-- Input follows --
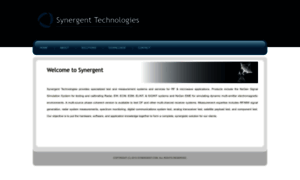 Synergent.com thumbnail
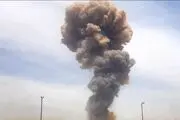 حمله دشمن به منطقه ویژه پتروشیمی ماهشهر

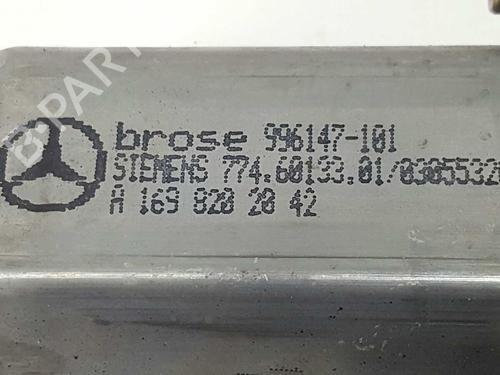 Right rear window motor MERCEDES-BENZ B-CLASS Sports Tourer (W245) B 180 CDI (245.207) | BP2731598E22 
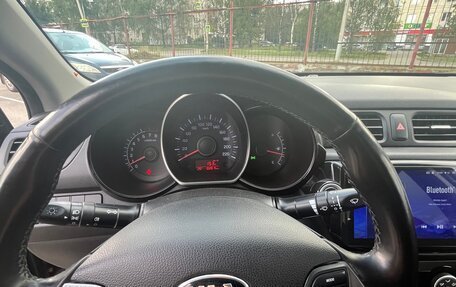 KIA Rio III рестайлинг, 2016 год, 1 090 000 рублей, 18 фотография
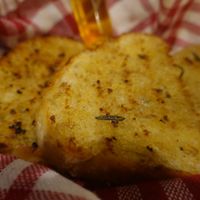 Okay garlic bread at Amami Garden in Ungasan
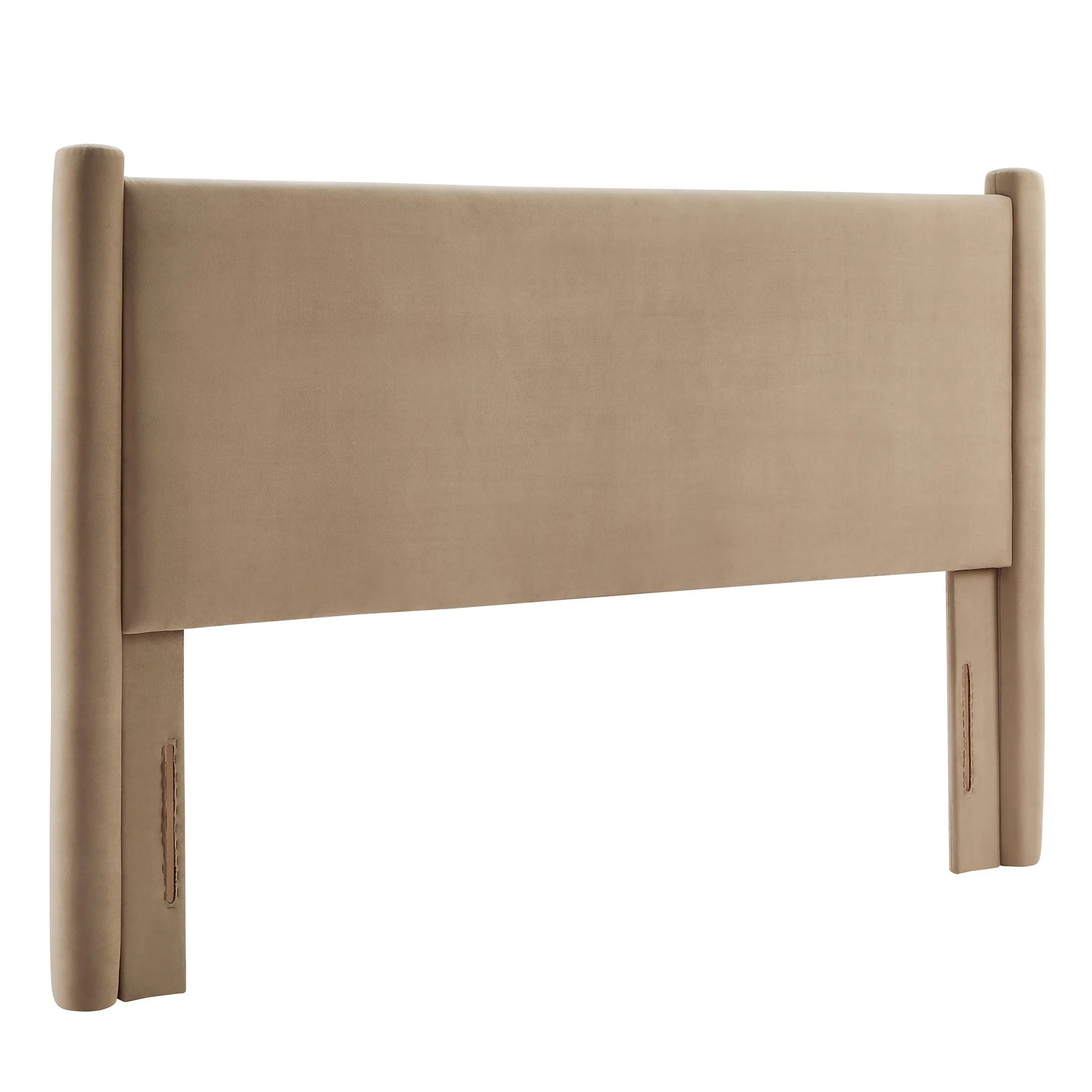 Upholstered Performance Velvet Headboard - Image 36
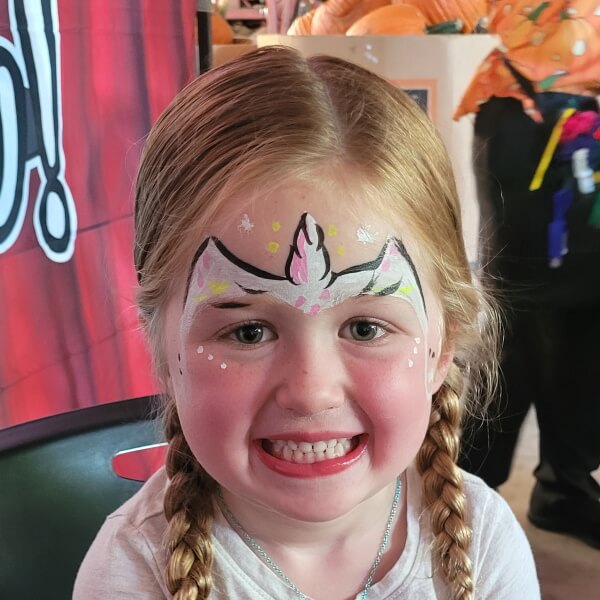 Face painting examples by Magic Dave's team in Illinois and Wisconsin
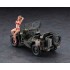 1/24 1/4 Ton 4x4 Utility Truck with Blond Girl Figure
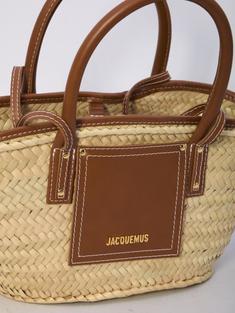 26SS 자크뮈스 숄더백 BAW00044AC01C04811 LIGHT BROWN DOM 썸네일 4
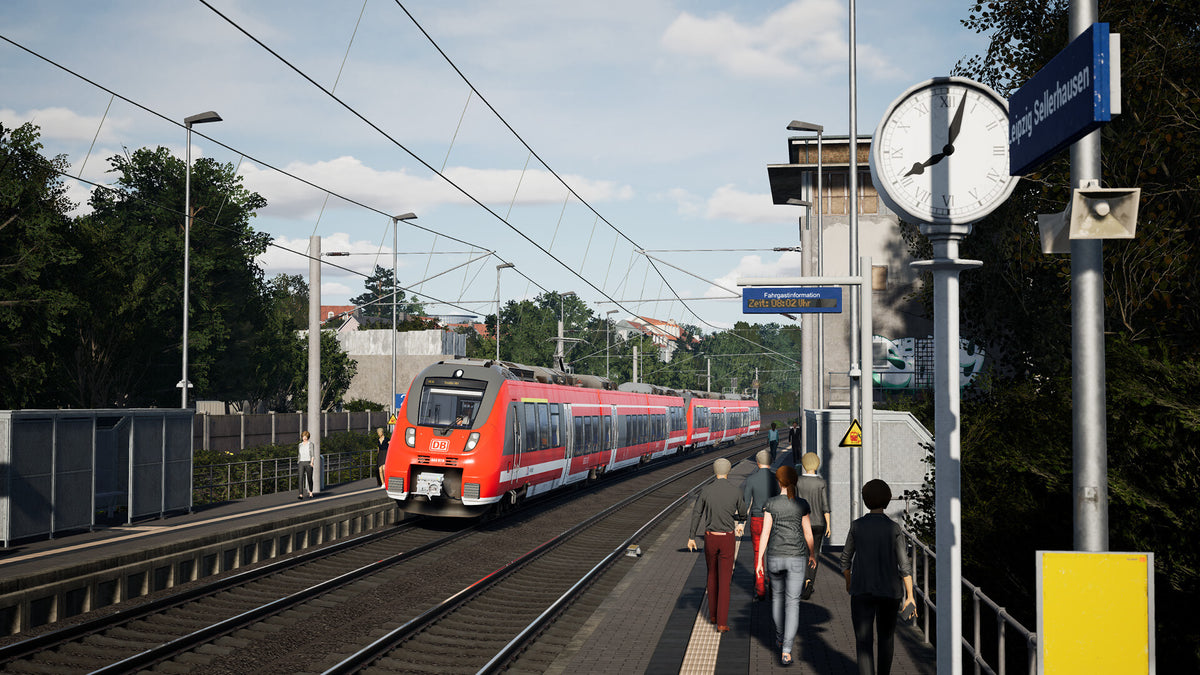 Train Sim World® 6: Bahnstrecke Leipzig - Dresden Route Add-On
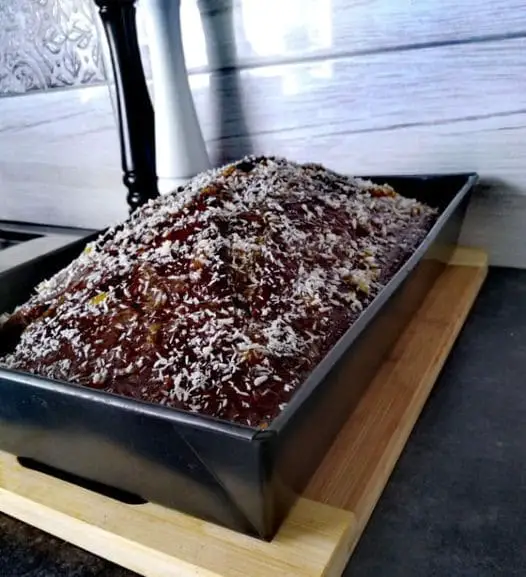 Torta umida e soffice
-- Input concluded --
■ **Work request**: Would you return the records exactly, keeping out every picture?

■ **Response**:
 Synergent.com thumbnail
 حمله دشمن به منطقه ویژه پتروشیمی ماهشهر

 Right rear window motor MERCEDES-BENZ B-CLASS Sports Tourer (W245) B 180 CDI (245.207) | BP2731598E22 
 KIA Rio III рестайлинг, 2016 год, 1 090 000 рублей, 18 фотография
 Okay garlic bread at Amami Garden in Ungasan
 Upholstered Performance Velvet Headboard - Image 36
 Face painting examples by Magic Dave's team in Illinois and Wisconsin
 1/24 1/4 Ton 4x4 Utility Truck with Blond Girl Figure
 26SS 자크뮈스 숄더백 BAW00044AC01C04811 LIGHT BROWN DOM 썸네일 4
 Train Sim World® 6: Bahnstrecke Leipzig - Dresden Route Add-On
 Torta umida e soffice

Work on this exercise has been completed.